Davor and I stood on Fulir’s balcony, overlooking the tiny shops and bar below. He was telling me a Canadian girl was staying here and also going to Plitvice Lakes the next day, and when she got back, he promised he would introduce us so we could take the bus together the following morning. He had tried to explain to me where the bus station was, but when I became exasperated because of my lack of map-reading skills, I just asked if him or Tin, a worker at the hostel I had befriended the night before, would come with me so I wouldn’t get lost. Instead of agreeing to that, Tin said he would drive me to the bus station to purchase the ticket.

It worked for me.

That’s when I saw Him on the street below.  He caught my eye immediately. Perfect height (I’d probably recon around 5’9 or so). Perfect weight (the right blend between athletic and non-athletic). And completely different from the typical guy.

He wore plaid shorts, a dark shirt and shiny gold-framed sunglasses. He had a healthy serving of tattoos on his arms and legs, and a lip ring hooped through the middle of his bottom lip. His brown hair was cropped close to his head.

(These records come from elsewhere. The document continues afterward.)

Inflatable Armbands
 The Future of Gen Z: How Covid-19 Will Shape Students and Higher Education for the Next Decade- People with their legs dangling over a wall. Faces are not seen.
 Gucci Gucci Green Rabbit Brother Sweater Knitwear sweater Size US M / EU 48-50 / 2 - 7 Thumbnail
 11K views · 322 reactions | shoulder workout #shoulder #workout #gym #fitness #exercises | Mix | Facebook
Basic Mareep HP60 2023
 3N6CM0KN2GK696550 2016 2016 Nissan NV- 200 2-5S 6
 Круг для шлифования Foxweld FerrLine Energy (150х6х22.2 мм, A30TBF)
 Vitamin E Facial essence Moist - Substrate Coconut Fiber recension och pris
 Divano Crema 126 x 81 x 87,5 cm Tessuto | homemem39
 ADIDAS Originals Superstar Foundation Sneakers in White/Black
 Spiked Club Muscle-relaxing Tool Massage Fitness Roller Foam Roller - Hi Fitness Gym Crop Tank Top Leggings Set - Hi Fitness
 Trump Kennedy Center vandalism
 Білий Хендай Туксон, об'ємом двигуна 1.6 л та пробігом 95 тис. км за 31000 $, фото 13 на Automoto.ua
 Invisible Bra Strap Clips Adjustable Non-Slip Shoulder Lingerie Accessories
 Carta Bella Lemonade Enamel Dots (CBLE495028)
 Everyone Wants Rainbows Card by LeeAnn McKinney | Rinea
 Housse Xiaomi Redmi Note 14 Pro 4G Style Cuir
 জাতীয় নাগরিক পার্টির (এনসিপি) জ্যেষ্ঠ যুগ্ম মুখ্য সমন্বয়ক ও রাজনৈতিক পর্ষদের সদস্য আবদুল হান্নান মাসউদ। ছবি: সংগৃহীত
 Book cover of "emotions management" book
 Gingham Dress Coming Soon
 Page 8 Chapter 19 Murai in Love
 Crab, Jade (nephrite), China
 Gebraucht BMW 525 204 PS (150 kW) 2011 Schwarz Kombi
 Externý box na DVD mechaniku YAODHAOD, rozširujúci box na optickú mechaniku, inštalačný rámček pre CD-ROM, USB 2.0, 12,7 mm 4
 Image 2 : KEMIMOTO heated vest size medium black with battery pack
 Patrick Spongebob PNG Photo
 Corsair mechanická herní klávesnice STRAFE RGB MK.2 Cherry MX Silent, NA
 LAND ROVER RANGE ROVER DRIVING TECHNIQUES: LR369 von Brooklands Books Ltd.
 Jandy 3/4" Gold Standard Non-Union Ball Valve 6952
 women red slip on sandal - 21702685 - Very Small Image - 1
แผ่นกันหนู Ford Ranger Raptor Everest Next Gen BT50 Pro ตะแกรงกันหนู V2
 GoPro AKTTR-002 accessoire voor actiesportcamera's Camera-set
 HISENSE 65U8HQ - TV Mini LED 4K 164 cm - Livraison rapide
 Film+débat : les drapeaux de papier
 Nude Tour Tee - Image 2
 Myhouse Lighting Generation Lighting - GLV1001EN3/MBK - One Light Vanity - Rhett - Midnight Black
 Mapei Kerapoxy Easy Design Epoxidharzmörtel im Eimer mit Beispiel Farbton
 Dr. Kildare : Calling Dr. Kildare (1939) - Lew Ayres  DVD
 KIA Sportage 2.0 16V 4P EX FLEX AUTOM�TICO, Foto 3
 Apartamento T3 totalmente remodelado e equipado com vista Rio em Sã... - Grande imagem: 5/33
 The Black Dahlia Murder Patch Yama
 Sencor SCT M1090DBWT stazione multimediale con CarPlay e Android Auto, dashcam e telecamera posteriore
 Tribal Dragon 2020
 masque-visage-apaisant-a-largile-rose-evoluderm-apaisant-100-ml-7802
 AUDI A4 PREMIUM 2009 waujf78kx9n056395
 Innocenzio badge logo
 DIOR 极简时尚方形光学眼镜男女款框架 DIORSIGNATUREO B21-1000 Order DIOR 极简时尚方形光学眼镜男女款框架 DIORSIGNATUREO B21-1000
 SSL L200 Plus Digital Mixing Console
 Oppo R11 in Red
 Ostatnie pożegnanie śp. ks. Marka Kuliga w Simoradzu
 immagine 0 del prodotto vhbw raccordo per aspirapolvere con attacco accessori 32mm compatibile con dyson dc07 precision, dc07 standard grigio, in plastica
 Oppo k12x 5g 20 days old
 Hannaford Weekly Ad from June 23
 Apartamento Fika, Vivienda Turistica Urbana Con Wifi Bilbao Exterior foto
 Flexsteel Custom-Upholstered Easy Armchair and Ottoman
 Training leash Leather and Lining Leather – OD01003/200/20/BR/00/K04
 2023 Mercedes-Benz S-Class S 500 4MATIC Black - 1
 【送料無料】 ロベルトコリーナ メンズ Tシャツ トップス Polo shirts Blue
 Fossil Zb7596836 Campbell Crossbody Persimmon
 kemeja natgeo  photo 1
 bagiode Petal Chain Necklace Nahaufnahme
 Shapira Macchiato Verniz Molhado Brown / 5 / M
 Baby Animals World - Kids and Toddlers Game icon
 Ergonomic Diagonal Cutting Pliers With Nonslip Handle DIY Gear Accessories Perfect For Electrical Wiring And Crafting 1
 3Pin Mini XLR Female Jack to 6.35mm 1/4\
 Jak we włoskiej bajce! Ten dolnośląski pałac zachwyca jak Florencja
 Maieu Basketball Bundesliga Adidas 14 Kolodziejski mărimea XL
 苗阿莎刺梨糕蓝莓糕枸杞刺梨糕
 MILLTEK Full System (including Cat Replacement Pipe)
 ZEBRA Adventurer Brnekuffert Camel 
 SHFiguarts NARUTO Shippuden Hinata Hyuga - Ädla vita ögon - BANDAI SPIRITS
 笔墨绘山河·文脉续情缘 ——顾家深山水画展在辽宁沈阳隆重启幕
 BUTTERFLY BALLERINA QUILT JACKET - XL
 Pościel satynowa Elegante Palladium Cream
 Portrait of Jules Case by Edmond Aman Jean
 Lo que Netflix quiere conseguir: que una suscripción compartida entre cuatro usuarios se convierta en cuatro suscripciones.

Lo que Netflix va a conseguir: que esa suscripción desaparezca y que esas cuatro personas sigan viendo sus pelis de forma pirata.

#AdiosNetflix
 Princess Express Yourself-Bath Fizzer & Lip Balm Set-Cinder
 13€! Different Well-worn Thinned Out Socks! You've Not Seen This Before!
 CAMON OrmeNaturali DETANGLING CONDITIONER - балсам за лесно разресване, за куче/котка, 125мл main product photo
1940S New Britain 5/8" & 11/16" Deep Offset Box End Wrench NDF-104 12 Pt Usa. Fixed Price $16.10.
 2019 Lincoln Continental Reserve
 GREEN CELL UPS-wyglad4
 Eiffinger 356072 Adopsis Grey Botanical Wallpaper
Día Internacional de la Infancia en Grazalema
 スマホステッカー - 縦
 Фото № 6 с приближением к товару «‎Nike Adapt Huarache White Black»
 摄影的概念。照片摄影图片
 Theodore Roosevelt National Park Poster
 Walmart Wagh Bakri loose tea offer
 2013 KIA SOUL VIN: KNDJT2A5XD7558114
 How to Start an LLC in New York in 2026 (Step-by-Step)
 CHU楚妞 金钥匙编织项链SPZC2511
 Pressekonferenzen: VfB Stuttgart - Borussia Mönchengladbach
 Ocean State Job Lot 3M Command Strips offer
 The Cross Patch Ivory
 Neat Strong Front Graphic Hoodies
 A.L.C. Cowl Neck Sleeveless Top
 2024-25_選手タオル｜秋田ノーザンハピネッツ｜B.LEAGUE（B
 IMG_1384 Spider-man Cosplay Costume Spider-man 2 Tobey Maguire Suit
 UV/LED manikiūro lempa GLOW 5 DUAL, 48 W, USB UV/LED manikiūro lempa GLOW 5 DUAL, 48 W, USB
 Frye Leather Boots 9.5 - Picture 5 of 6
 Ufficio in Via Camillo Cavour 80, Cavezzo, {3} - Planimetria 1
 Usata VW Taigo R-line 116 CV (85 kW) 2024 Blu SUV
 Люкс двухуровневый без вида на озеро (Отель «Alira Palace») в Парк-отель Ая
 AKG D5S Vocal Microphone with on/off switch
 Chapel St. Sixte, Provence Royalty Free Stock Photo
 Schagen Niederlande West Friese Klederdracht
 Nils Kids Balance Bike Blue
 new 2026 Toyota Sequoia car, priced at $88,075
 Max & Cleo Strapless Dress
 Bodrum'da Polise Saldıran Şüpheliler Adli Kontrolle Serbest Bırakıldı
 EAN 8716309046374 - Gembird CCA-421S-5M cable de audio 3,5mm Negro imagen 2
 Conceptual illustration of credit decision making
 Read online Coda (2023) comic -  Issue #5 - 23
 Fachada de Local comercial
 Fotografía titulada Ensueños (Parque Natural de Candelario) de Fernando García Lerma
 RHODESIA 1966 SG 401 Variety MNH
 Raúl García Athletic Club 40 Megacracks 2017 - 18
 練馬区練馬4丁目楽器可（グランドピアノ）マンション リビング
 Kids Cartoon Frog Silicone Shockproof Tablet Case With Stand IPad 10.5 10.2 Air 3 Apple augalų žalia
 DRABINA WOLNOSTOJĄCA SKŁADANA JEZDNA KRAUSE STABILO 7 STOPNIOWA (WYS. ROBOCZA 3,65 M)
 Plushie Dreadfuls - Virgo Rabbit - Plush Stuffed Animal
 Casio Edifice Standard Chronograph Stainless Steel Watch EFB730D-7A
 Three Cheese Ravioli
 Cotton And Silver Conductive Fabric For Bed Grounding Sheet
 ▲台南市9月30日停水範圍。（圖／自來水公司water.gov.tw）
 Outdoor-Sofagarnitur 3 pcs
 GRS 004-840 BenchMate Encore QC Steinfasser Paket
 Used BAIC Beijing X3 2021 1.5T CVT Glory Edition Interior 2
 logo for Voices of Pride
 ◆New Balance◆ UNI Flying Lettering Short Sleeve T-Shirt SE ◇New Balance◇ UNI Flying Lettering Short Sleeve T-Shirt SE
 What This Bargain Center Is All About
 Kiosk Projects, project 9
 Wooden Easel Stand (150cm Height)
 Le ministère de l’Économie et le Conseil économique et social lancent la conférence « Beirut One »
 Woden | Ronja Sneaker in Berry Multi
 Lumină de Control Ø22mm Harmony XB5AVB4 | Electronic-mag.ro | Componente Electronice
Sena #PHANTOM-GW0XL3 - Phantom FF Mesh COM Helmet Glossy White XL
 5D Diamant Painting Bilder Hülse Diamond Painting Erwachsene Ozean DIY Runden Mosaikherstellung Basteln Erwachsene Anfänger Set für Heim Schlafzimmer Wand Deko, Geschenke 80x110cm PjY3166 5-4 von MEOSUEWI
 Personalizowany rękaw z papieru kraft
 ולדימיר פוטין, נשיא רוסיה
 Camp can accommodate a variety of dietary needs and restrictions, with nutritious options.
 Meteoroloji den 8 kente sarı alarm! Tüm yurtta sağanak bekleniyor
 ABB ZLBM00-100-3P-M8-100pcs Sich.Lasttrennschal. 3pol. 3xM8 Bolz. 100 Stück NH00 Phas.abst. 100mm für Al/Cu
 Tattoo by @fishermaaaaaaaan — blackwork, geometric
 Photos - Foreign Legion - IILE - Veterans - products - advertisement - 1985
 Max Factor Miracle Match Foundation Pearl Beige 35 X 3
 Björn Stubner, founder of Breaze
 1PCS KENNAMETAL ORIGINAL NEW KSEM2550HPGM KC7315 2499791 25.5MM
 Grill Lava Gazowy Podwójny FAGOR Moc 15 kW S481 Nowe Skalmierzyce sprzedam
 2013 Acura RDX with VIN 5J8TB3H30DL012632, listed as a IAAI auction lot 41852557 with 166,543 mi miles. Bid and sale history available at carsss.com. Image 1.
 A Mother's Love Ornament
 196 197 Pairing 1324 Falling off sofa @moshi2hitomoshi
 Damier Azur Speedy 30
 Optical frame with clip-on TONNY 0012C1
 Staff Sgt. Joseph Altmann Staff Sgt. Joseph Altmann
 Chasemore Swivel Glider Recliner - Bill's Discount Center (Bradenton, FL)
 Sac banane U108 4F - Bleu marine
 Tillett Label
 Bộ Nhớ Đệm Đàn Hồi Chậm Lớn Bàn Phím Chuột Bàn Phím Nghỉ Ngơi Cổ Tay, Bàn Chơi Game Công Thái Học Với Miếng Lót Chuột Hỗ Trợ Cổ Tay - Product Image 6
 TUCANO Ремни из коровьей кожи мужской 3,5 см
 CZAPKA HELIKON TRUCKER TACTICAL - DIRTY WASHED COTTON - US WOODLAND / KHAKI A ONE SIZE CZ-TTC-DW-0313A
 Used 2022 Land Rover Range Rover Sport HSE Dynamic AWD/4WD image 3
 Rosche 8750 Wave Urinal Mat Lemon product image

There was no way he was staying at Fulir. He just didn’t fit the mold of a typical backpack-hostel-goer. But, he walked up the ancient, red colored stairs, pulled a key out of his pocket and walked through the yellow painted door into the room I was staying in. When he walked in I caught a glimpse of a tattoo peaking through his hair on the back of his head and melted just a little bit.